ZAD une histoire de violence : l’évacuation de Notre-Dame-des-Landes par Anaïs Denet
Anaïs Denet est journaliste, correspondante de RMC et BFMTV pour le Grand Ouest. À ce titre elle a couvert l’évacuation de la ZAD de Notre-Dame des Landes qui a duré du 9 avril au 22 mai 2018. Rapport des forces : 2500 gendarmes, des blindés et pelleteuses contre quelques centaines d’irréductibles écologistes. Bilan : 11 000 grenades lancées dont 8 000 lacrymogènes et 3 000 assourdissantes ; 108 blessés côté gendarmes, 330 côté zadistes. Pour ce livre elle a interviewé divers protagonistes : des fermiers, des zadistes, des gendarmes, une préfète.
Un peu d’histoire
Peut-être faut-il commencer par un bref rappel des faits. Dans les années 2000, le projet de création d’un aéroport international est relancé. À l’appel des paysans de la région, des militants occupèrent l’endroit à partir de 2010, ils rebaptisent alors cette « Zone d’aménagement différé » : Zone à défendre. À lire le livre on comprendra combien la solidarité dans le combat stimule l’humour, la gaieté et la créativité ! En octobre 2012, sous le gouvernement Hollande, 1500 policiers et militaires avaient lancé l’opération César. Objectif : expulser la ZAD. Les cabanes et la plupart des fermes squattées furent détruites, mais aussitôt reconstruites par les militants… Un mois plus tard, le 17 novembre, une grande manifestation de réoccupation des lieux rassemblait 40 000 personnes. En avril 2013, de guerre lasse, les forces de l’ordre quittèrent les lieux… Voilà un affront qu’elles n’oublieront pas !
Le 17 janvier 2018, le premier ministre Édouard Philippe annonce l’abandon du projet d’aéroport : deuxième défaite ! Mais il ordonne l’expulsion de tous les habitants de la ZAD et la destruction des constructions. La guerre est déclarée : les hommes qui se prennent pour l’État le temps d’une élection ont une revanche à prendre ! Une femme, Nicole Klein, la préfète de Nantes, tente un compromis : les zadistes qui demanderont leur régularisation en se déclarant exploitants agricoles seront épargnés. Mais individuellement, alors que les zadistes prônent l’autonomie autogestionnaire, donc collective. Nicole Klein doit donc naviguer courageusement entre les représentants de l’État qui n’apprécient guère cet arrangement et les zadistes qui le refusent.
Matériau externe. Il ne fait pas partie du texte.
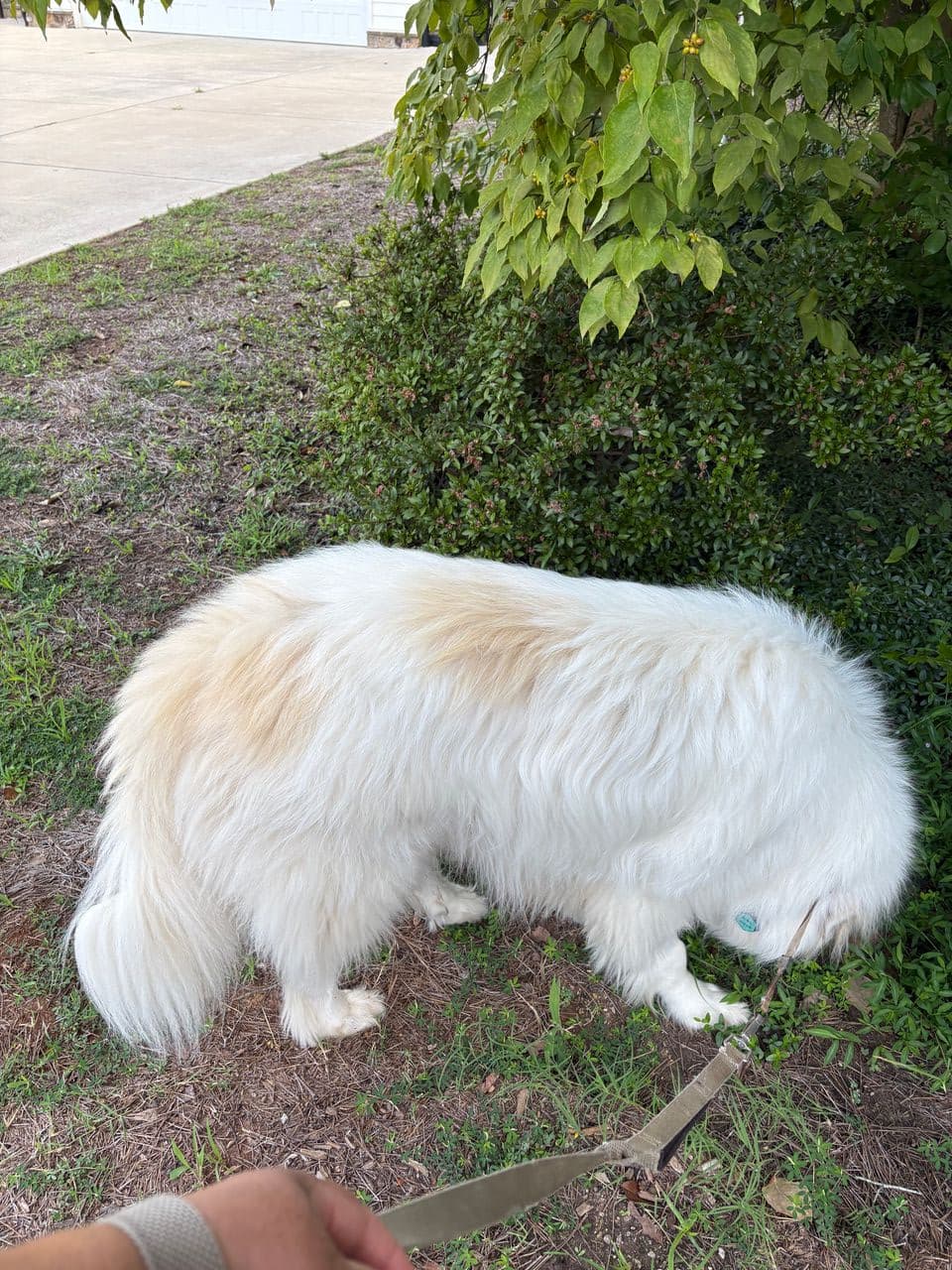 Pet travel photo 3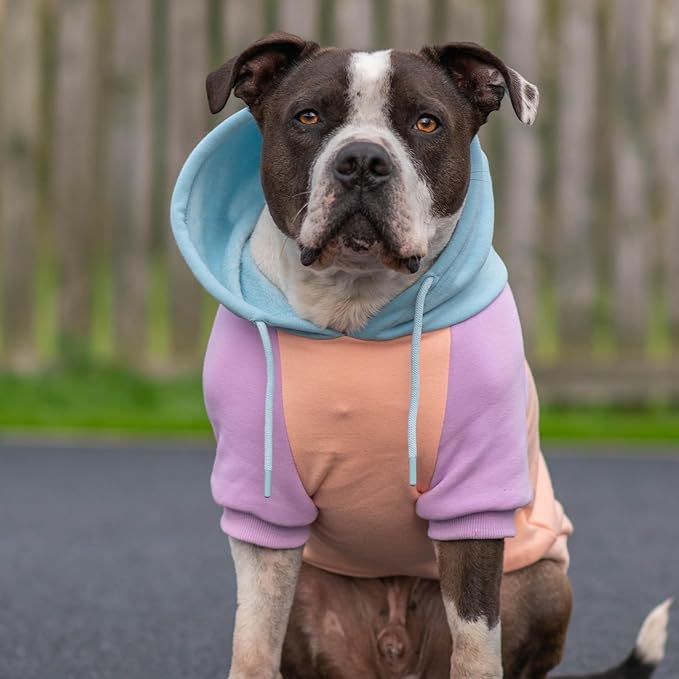 Spark Paws Dog Hoodie - Premium Quality, Buttery Soft, Superior Comfort and Fit, Calming Fleece Interior, Suitable for All Breeds - Cotton Candy - 3XL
Le 20 avril, alors que la disparition de la ZAD se profile, des zadistes acceptent de déposer leur dossier d’exploitant agricole. L’un d’eux déclare : « Nous avons fait ce pas pour sauver ce qui existe dans la ZAD ». Si la préfète a réussi à les sauver, elle a même temps suscité une fracture dans les rangs des zadistes : une fraction d’entre eux accuse les autres de faire le travail de la préfecture et de la police. Le 17 mai les opérations reprennent, les derniers opposants sont circonvenus…
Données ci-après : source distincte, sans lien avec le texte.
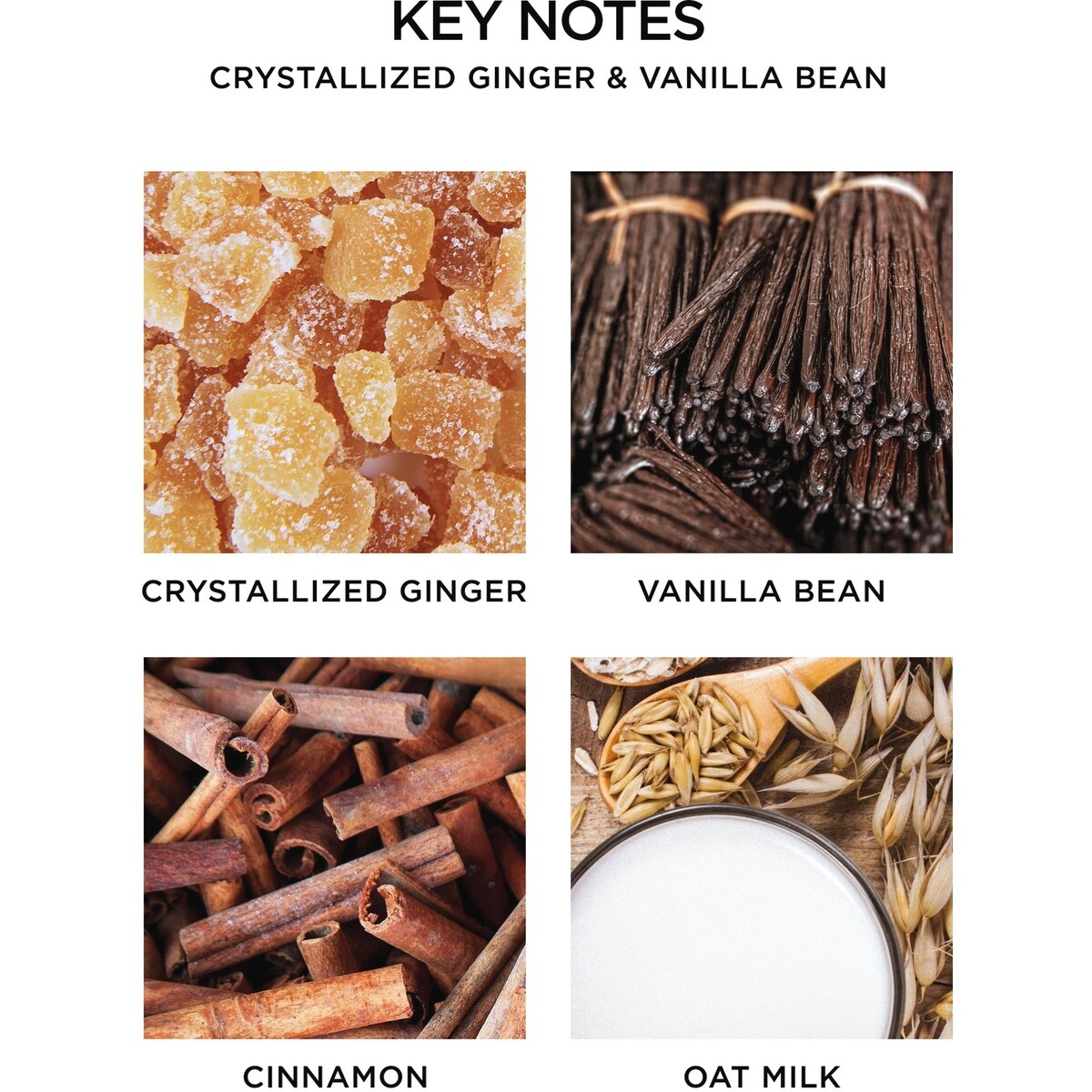 Bougie classique Crystallized Ginger & Vanilla Bean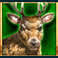big bad bison megaways slot elk symbol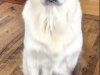 Golden Retriever for stud in Cavan - photo 5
Les tribulations d’une journaliste
Pendant ce mois et demi, Anaïs Denet a couru les champs et les bois la caméra à la main, les pieds dans la boue elle a respiré divers gaz, frôlé les jets de grenade, harcelée par sa direction qui voulait des images, des images ! « J’ai besoin de comprendre de trouver un sens à ce que je viens de vivre, dit-elle. Le blindé en feu, Les plaies ensanglantées. Les pelleteuses qui détruisent tout. Et j’ai bien du mal ». D’où, sans doute, la nécessité pour elle d’échanger avec les divers protagonistes qu’elle a ensuite rencontrés, et d’écrire ce livre au rythme haletant. Comme tout récit de combat, il fait monter le taux d’adrénaline du lecteur ! En bonne journaliste elle décrit les divers protagonistes sans prendre parti, et même en manifestant une certaine empathie pour chacun d’eux, aussi bien envers le général Lizurey qui commande l’opération qu’envers Jean-Marie le zadiste naturaliste, mais elle doute… « Nos dirigeants ne sont-ils pas ridicules ? À envoyer toutes ces forces armées pour détruire trente-neuf cabanes sur quatre-vingt-dix-sept ? »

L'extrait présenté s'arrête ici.